Over the past two years, Facebook AI Research (FAIR) has worked with 13 universities around the world to collect the largest set of first-person video data, specifically for training in-depth image recognition models. AI trained on the data set will be better at controlling robots that interact with humans, or at interpreting images from smart glasses. “Machines will only be able to help us in our daily lives if they really understand the world through our eyes,” said Kristen Graumann of FAIR, who is leading the project.
Such technology could help people who need help at home, or direct people to the tasks they are learning to perform. “The video in this dataset is much closer to how people view the world,” said Michael Rayo, a computer vision researcher at Google Brain and Stony Brook University in New York who is not involved in Ego4D.
But the potential abuses are clear and worrying. The study is funded by Facebook, a social media giant that was recently accused in the US Senate of making profits on people’s well-being – as confirmed by the MIT Technology Review’s own investigations.
The business model of Facebook and other major technology companies is to extract as much data as possible from people’s behavior online and sell it to advertisers. The AI outlined in the project can expand the scope of people’s daily offline behavior, revealing what objects are around your home, what activities you liked, who you spent time with and even where your gaze is held – an unprecedented level of personal information.
“Confidentiality needs to be done until you take that out of the world of research and into something that’s a product,” Grauman said. “This work may even be inspired by this project.”

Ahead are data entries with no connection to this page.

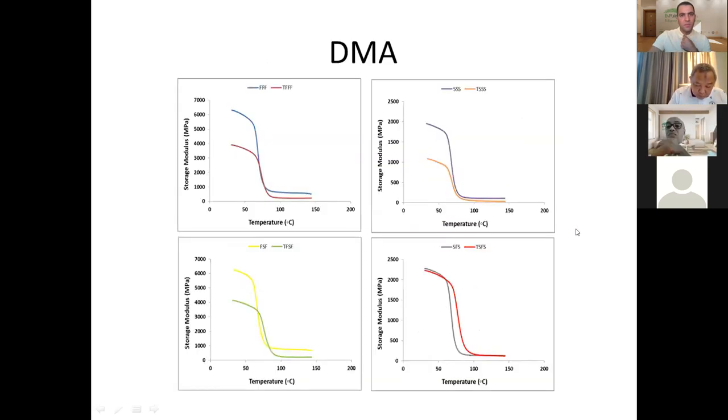In the DMA, we get three different plots: storage modulus versus temperature, loss modulus versus temperature, and damping factor or tan delta with respect to temperature. Each tells us about the characteristics of the composites and the influence of seawater. The storage modulus is representative of the stiffness of the composite. After seawater treatment, there is a drop in storage modulus, signifying that the stiffness of the composite is affected.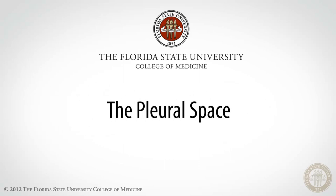Hi, my name is Jody Chapman, and I'm here with Dr. Ricardo Gonzalez-Rothi to give you an inside look into the pleura and the pleural space.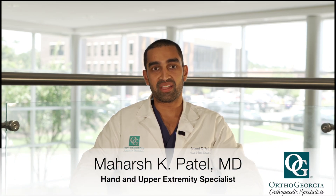Hello, I'm Dr. Maharshi Patel, one of the hand and upper extremity specialists at OrthoGeorgia on Northside Drive, and today I'll be talking about a common topic that hand surgeons deal with known as trigger finger.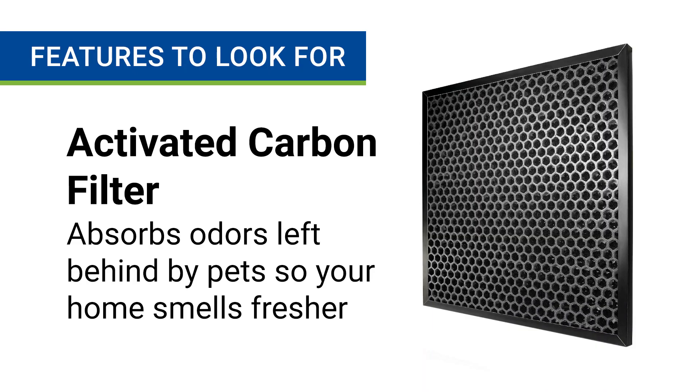The second thing you want to look for is an activated carbon filter. This filter is specially designed to absorb odors that your pets leave behind. An air purifier with this filter will keep your home smelling fresh and clean, and less like a dog kennel or cat litter box.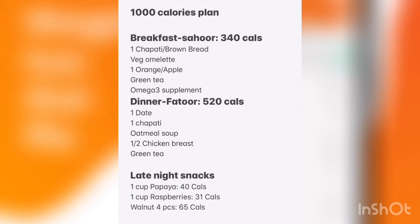This is a 1000-calorie plan that you can easily stick to for a long time. You can take one homemade chapati or bread using whole grain flour, or remove chapati from this diet too. With one chapati or brown bread, you can take a veggie omelette, one orange, one apple, green tea, and an omega-3 supplement. In dinner or iftar, you have 520 calories: one date, one chapati, oatmeal soup, half a chicken breast, and green tea.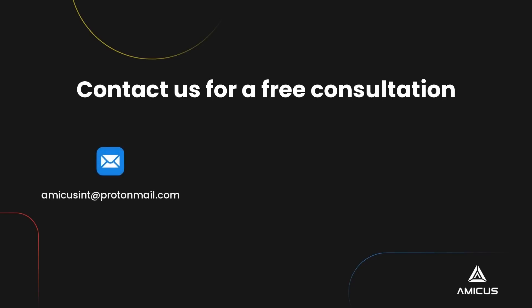If you want to get a new legal identity, please visit our website amicusint.ca and contact our experts for a free consultation. This is Anton from Amicus.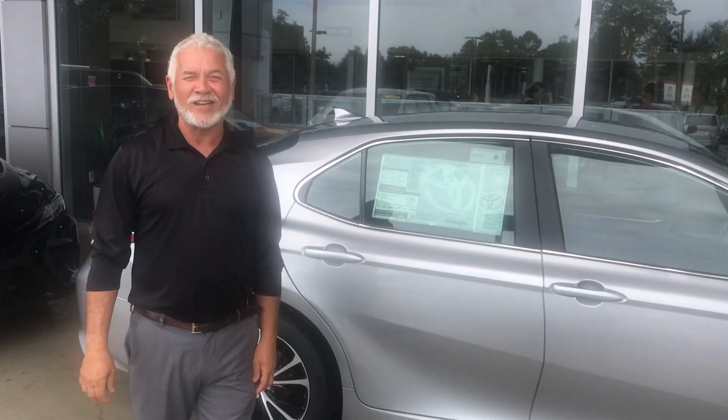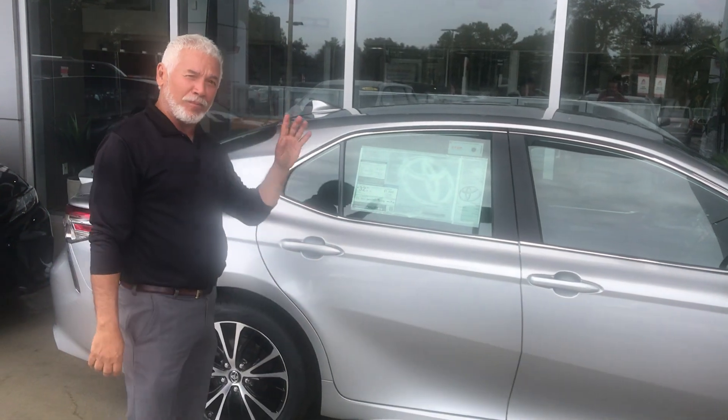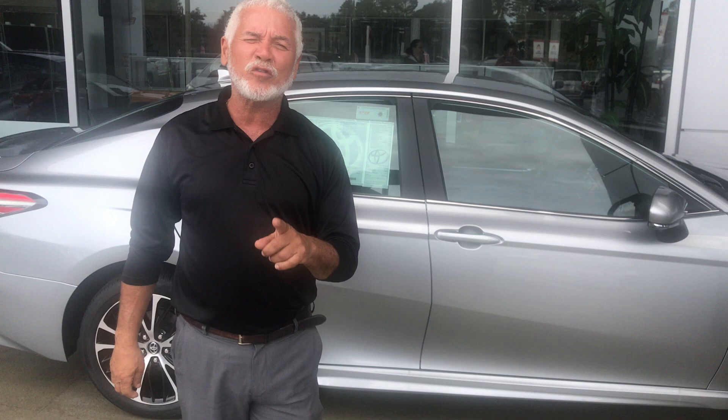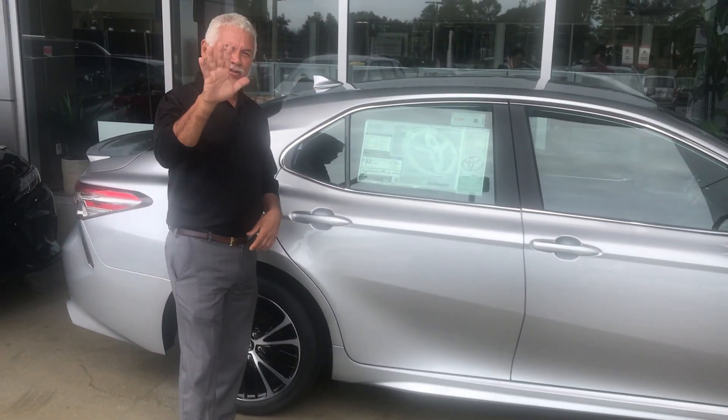I'd like you to see the 2019 Camry — the newly designed from the bottom up. Unbelievable. This Camry has more horsepower than before. It has 203 horsepower. It's a 2.5 liters. It's a 4 cylinders.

The largest previous set of first-person video data consists of 100 hours of footage from people in the kitchen. The Ego4D data set consists of 3,025 hours of video recorded by 855 people in 73 different locations in nine countries (USA, UK, India, Japan, Italy, Singapore, Saudi Arabia, Colombia and Rwanda).
The participants were of different ages and backgrounds; some were hired for their visually interesting professions, such as bakers, mechanics, carpenters and gardeners.
Previous datasets typically consist of semi-encrypted videos lasting only a few seconds. For Ego4D, participants wore cameras with their heads for up to 10 hours at a time and shot first-person videos of unwritten daily activities, including walking down the street, reading, doing laundry, shopping, playing with pets, board games, and interacting with others. Some of the shots also include audio, data on where the participants’ eyes are focused, and multiple points of view on the same stage. This is the first set of its kind, says Ryoo.